Esta es la consecuencia directa de haber renunciado a la soberanía energética en nombre de un modelo utópico, verde y supranacional, que ha criminalizado la producción nacional, desmantelado nuestra capacidad de reserva y sustituido la previsión por la fe ciega en las redes compartidas y las energías intermitentes. Hemos confiado nuestra supervivencia a molinos que no giran, paneles que no iluminan de noche, y gasoductos controlados por intereses extranjeros. Y cuando el sistema falla, como ha fallado, no hay a quién exigirle responsabilidades. Porque nadie manda. Porque nadie responde. Porque no hay plan.

Mientras tanto, la propaganda continúa. Nos hablan de neutralidad climática, de sostenibilidad, de resiliencia digital. Palabras bonitas para ocultar una verdad incómoda: España ha perdido su autonomía energética. La desindustrialización planificada, el cierre de centrales térmicas y nucleares, y la entrega de la gestión eléctrica a corporaciones transnacionales no son errores. Son decisiones políticas. Decisiones tomadas desde una mentalidad que desprecia la nación, la autosuficiencia y la capacidad de defensa económica.

La energía no es un capricho técnico ni una cuestión de mercado: es un pilar estratégico de la nación. Como el ejército, debe estar bajo control del Estado y al servicio del interés nacional. La historia lo demuestra: ningún país que haya renunciado a su autonomía energética ha conservado su soberanía política. Ni uno solo. Porque quien depende de otros para encender la luz, no es libre. Es un vasallo. Y nosotros lo somos.

La solución no está en seguir profundizando en la dependencia tecnológica ni en suplicar a Europa que refuerce las interconexiones. La solución está en volver a pensar como nación. Recuperar las centrales que cerramos por presión ideológica, invertir en tecnología propia y diversificar el suministro con criterios geoestratégicos, no ideológicos. Porque la electricidad no es un símbolo de modernidad: es una condición de existencia.

Debemos comprender que la transición ecológica, tal como se está imponiendo desde Bruselas, no es un camino hacia la soberanía, sino una forma nueva de dependencia. Una economía basada únicamente en energías “verdes” es una economía inestable, vulnerable y dependiente. Los países que nos venden paneles solares, baterías de litio o turbinas eólicas saben perfectamente que están vendiéndonos no solo tecnología, sino sumisión.
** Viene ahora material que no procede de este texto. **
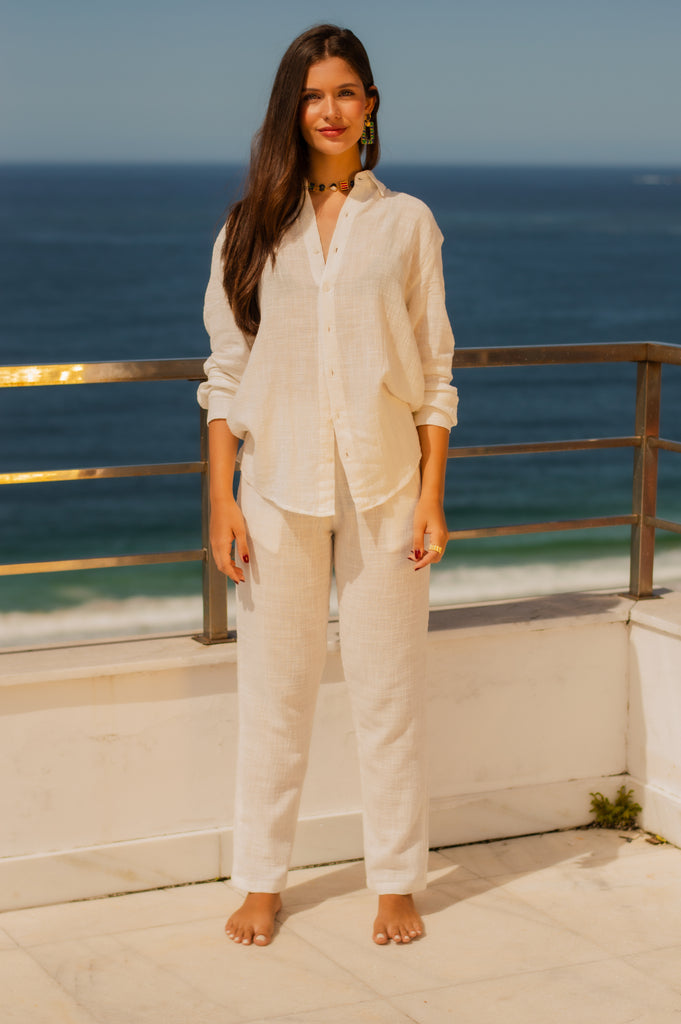 Modelo feminina de frente descontraída vestindo full look com camisa manga longa e calça branca unissex.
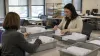 Election workers sort sealed mail-ballot envelopes at a county elections office.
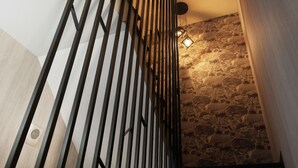 Una escalera con barandilla de diseño moderno, una pared de piedra con textura y un aplique de pared.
Y no se trata de oponerse al medio ambiente, como algunos intentan caricaturizar. Se trata de algo más profundo: de poner a la patria por delante del dogma, de garantizar el bienestar y la seguridad de los nuestros antes que complacer a tecnócratas sin rostro. Se trata de que los españoles, cuando enciendan la luz o enciendan una fábrica, sepan que detrás hay un sistema nacional fuerte, previsor y soberano.

Lo que hemos vivido no es un accidente: es una consecuencia. Un efecto directo de haber sustituido la razón de Estado por el capricho ideológico. Y si no corregimos el rumbo, el apagón del 28 de abril será solo el preludio del colapso de la propia nación.

Porque sin soberanía energética no hay industria. Sin industria no hay trabajo. Y sin trabajo, no hay patria. Solo una red de consumidores dependientes, esperando instrucciones desde fuera.

La soberanía energética no es un lujo. Es la frontera entre el pueblo libre y la colonia resignada. Y nosotros, si queremos seguir siendo algo más que un parque temático turístico, debemos decidir de qué lado estamos.